Laver la tranche, ajouter des anticorps secondaires conjugués aux fluorophores spécifiques aux anticorps primaires, et incuber en agitant dans l’obscurité.

Lavez la tranche, puis montez-la sur une diapositive.

À l’aide d’un microscope confocal, identifiez la région d’intérêt et agrandissez-la pour visualiser les synapses.

Capturez des images pour identifier les marqueurs présynaptiques et postsynaptiques marqués par fluorescence et évaluer leur colocalisation au niveau des synapses.

Pour commencer la coloration par immunofluorescence, remplacez le PBS dans les puits de coupe par un tampon de blocage et de perméabilisation, et incubez à température ambiante pendant 4 à 6 heures sur l’agitateur. Vers la fin de l’étape de blocage, diluez l’anticorps contre VGLUT1 1 à 2000 dans un tampon de blocage et de perméabilisation. Veuillez noter que cette dilution peut différer selon l’entreprise et le lot de l’anticorps utilisé. Incuber les tranches dans la solution d’anticorps primaires pendant la nuit à 4 degrés Celsius. Utilisez une plate-forme secouante avec des mouvements vigoureux.

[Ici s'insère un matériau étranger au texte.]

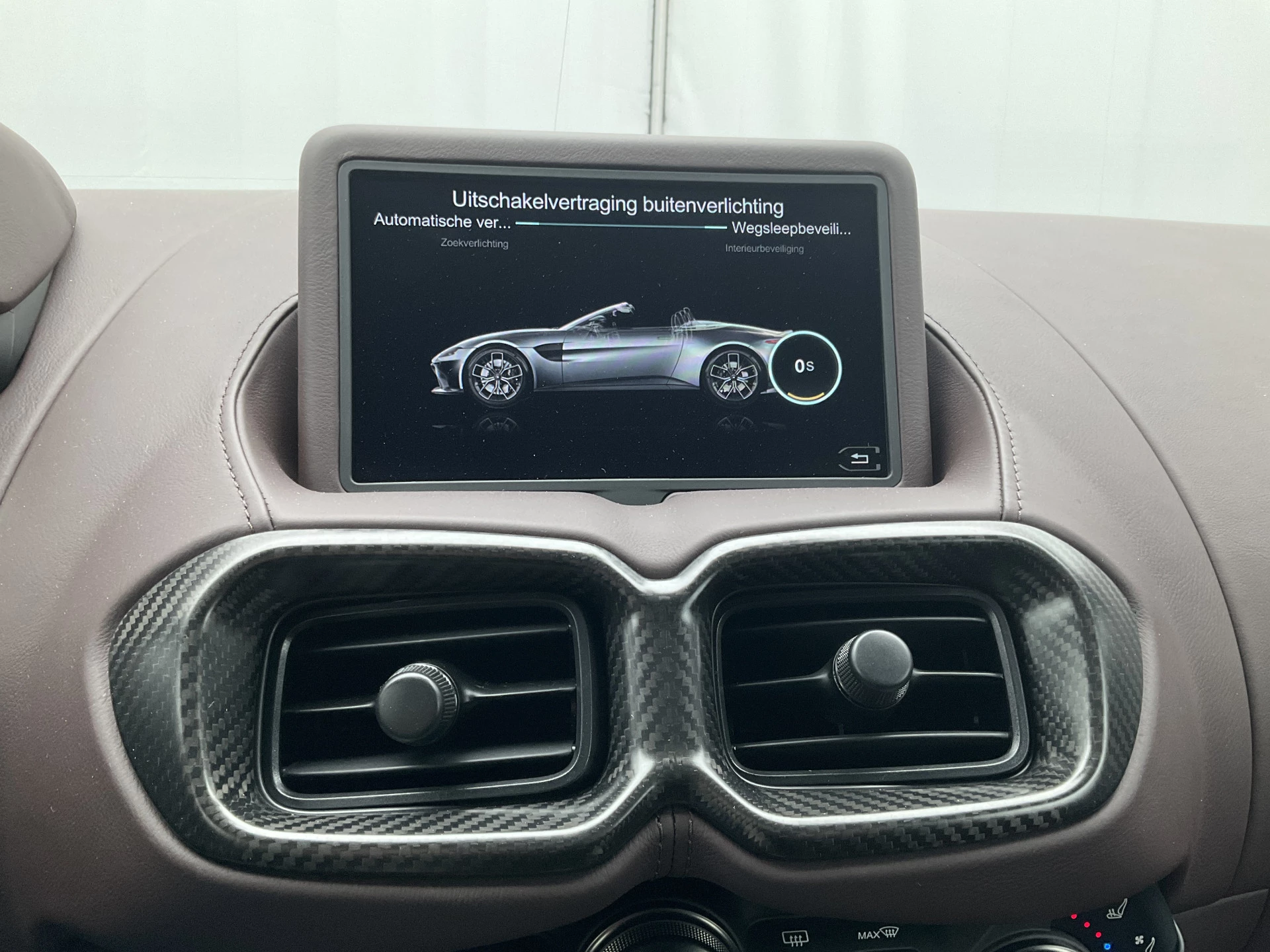 Hoofdafbeelding Aston Martin V8 Vantage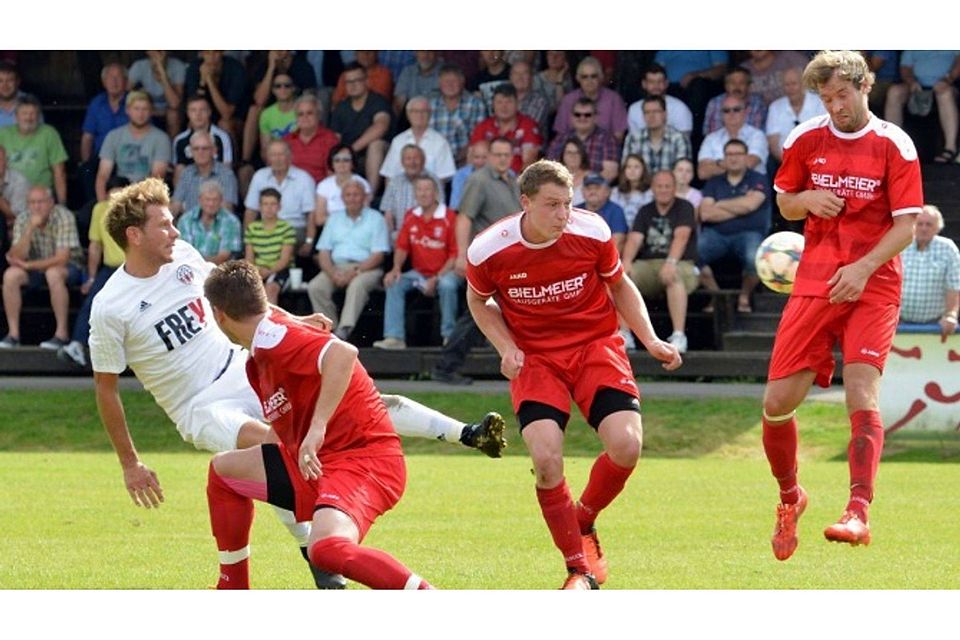 Gleich am ersten Spieltag kreuzen die Lokalrivalen ASV Cham und der 1. FC Bad Kötzting in der Landesliga Mitte die Klingen. F: Meier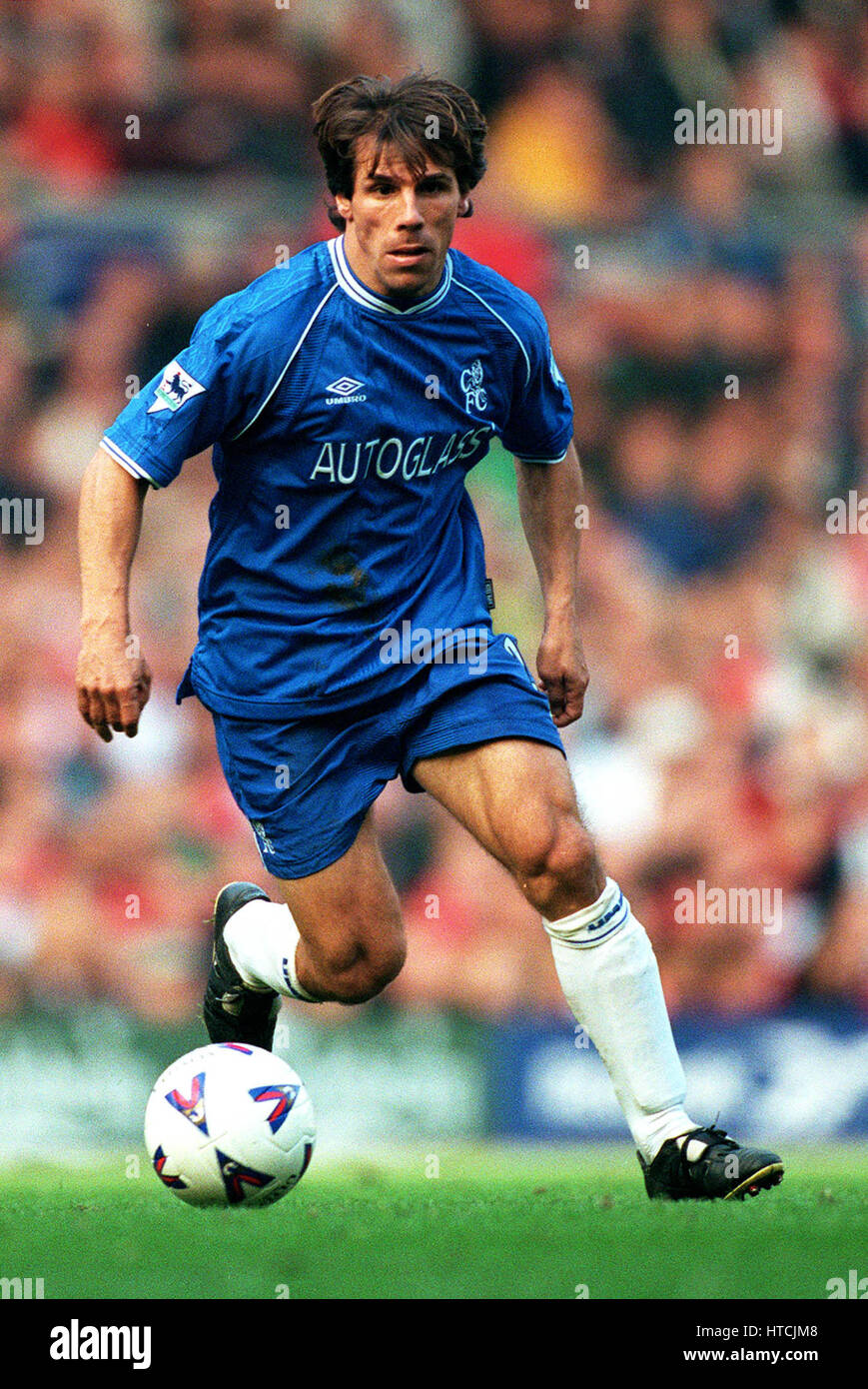 GIANFRANCO ZOLA CHELSEA FC 16 October 1999 Stock Photo - Alamy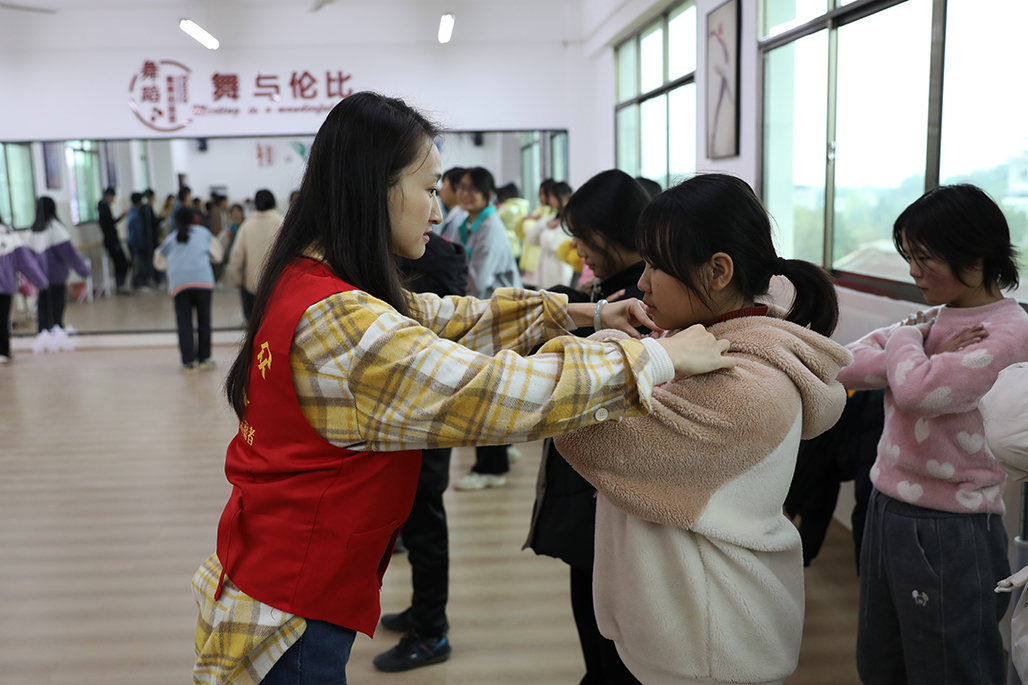 衡陽幼兒師范高等?？茖W校積極開展“百千萬‘藝術童伴’——留守兒童關愛工程”支教幫扶活動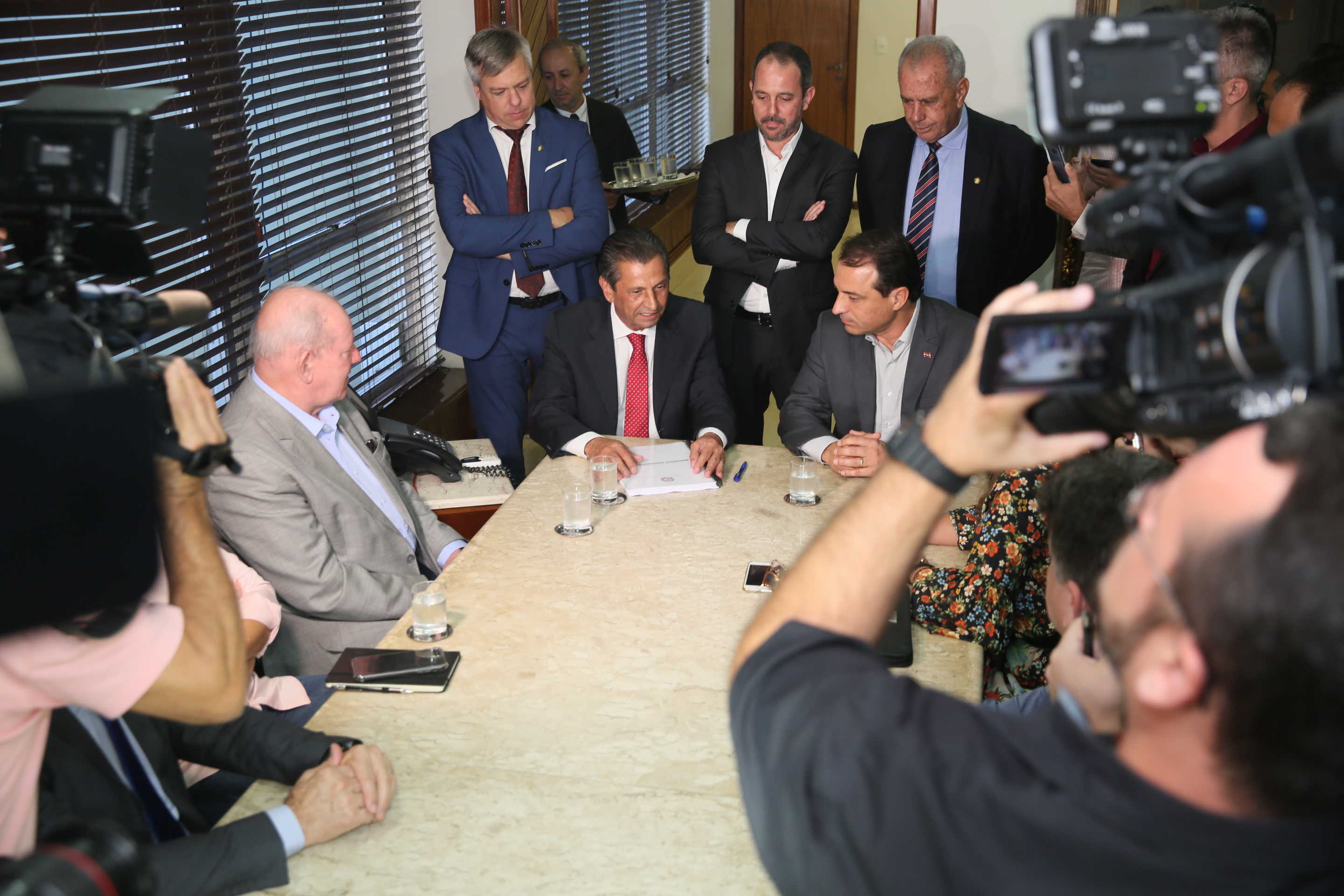 Presidente Julio Garcia recebe das mãos do Governador o projeto da Reforma Administrativa.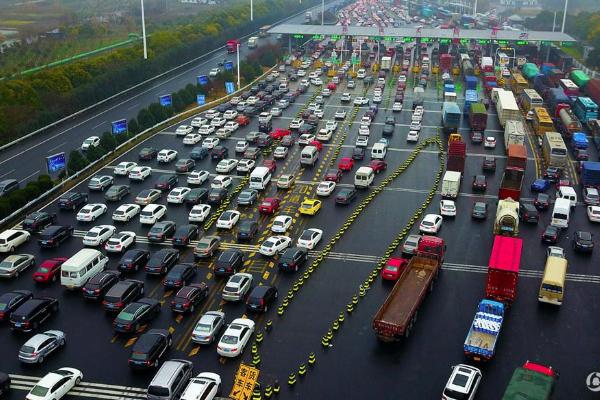 广州出行高峰期是什么时候 高速-公共交通出行高峰期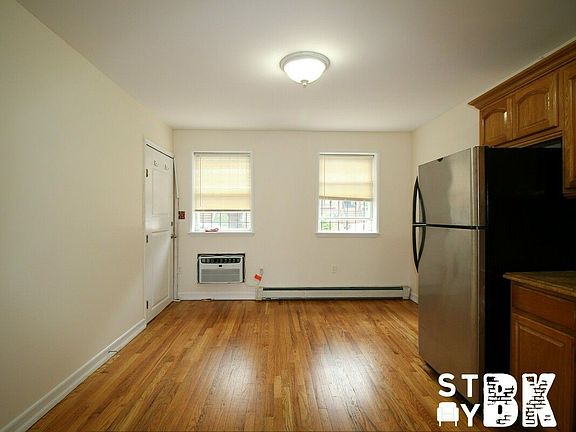 2nd image of 473 Classon Ave #1D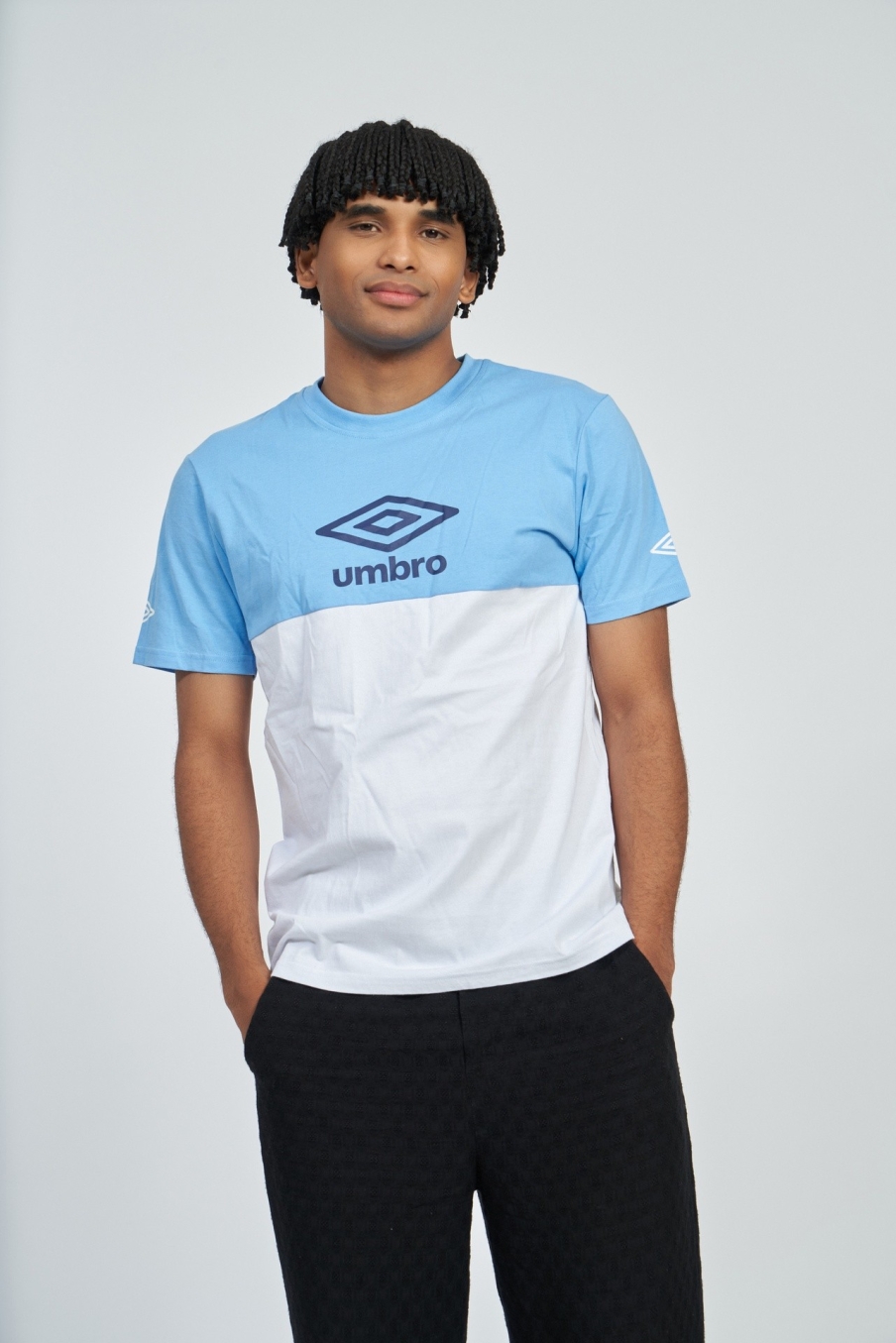 Camiseta Umbro Hombre Changse Celeste y Blanca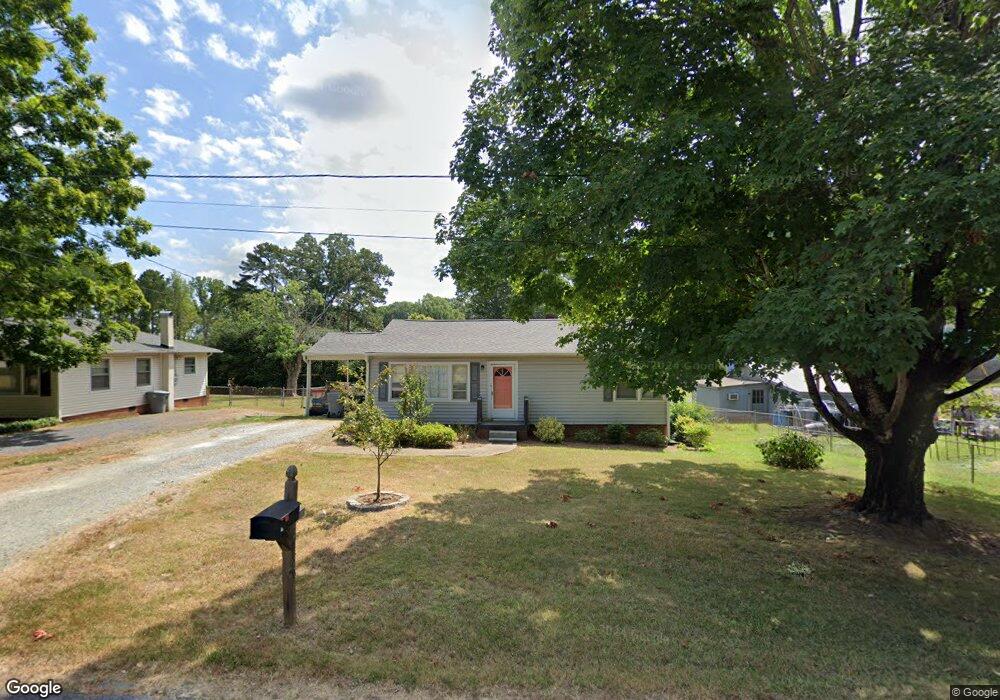 2050 Lamar Dr, Asheboro, NC 27203 - photo 1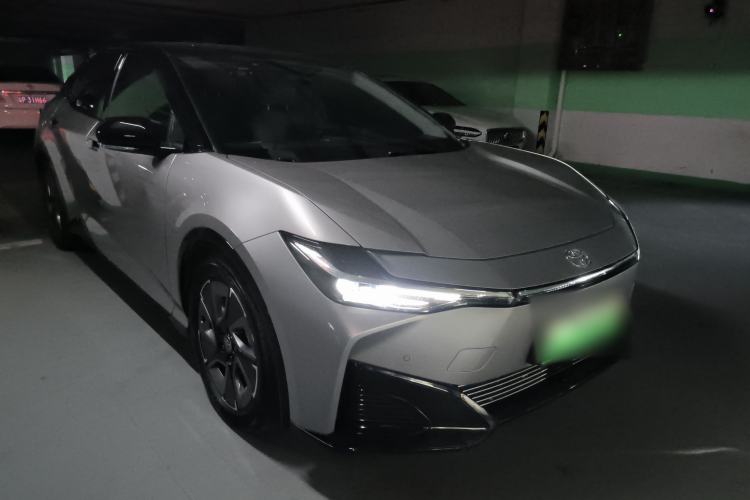 Used Toyota bZ3 2024 517 km Elite PRO Front Right 45 Deg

Une distribution uniforme des anticorps primaires et secondaires est importante pour une coloration optimale. D’après notre expérience, une agitation vigoureuse permet la meilleure pénétration de l’anticorps.

Après l’incubation dans l’anticorps primaire, lavez les tranches trois fois dans du PBS pendant 10 minutes à chaque fois comme auparavant. Lors du dernier lavage, diluez les anticorps secondaires appropriés de 1 à 500 dans un tampon de blocage. Incuber ensuite les tranches dans cette solution pendant 2 à 3 heures à température ambiante. Assurez-vous que les tranches sont protégées de la lumière, car les anticorps secondaires sont sensibles à la lumière.

Après avoir lavé les tranches comme précédemment, utilisez un pinceau pour retirer soigneusement les tranches de la plaque à 24 puits et placez-les uniformément sur des lames de verre pré-étiquetées. Ajoutez une goutte de support de montage sur chaque tranche. Ensuite, placez délicatement une lamelle en verre sur les tranches, en prenant soin d’éviter la formation de bulles d’air.

Protéger de la lumière et laisser sécher les lames pendant au moins trois à quatre jours à température ambiante. Stockez les lames à 4 degrés Celsius à court terme. Mais pour un stockage à long terme, conservez-les à moins 20 degrés Celsius. Commencez par utiliser un objectif 10x ou 20x pour identifier la région de l’hippocampe à imager - dans ce cas, les synapses entre les neurones pyramidaux CA1 et les axones collatéraux de Schaffer.

Passez à un objectif d’immersion dans l’huile 40x ou 63x et assurez-vous que l’anatomie de la tranche est intacte en identifiant les neurites continus et une structure organisée. Utilisez un marqueur neuronal, tel que MAP2, comme référence. Ajustez les paramètres de chaque canal pour obtenir un signal et un contraste optimaux avec une résolution de 1024 x 1024 pixels. Réglez l’intensité de chaque laser pour éviter la saturation des pixels.

Évaluez la profondeur à laquelle la coloration est uniforme, puis réglez le logiciel pour qu’il acquière des piles d’images d’au moins huit plans équidistants de 250 nanomètres. Prenez ensuite trois piles d’images représentatives adjacentes de la même zone d’intérêt par tranche. Répétez l’acquisition dans au moins trois tranches par condition et de six à huit animaux par groupe de traitement.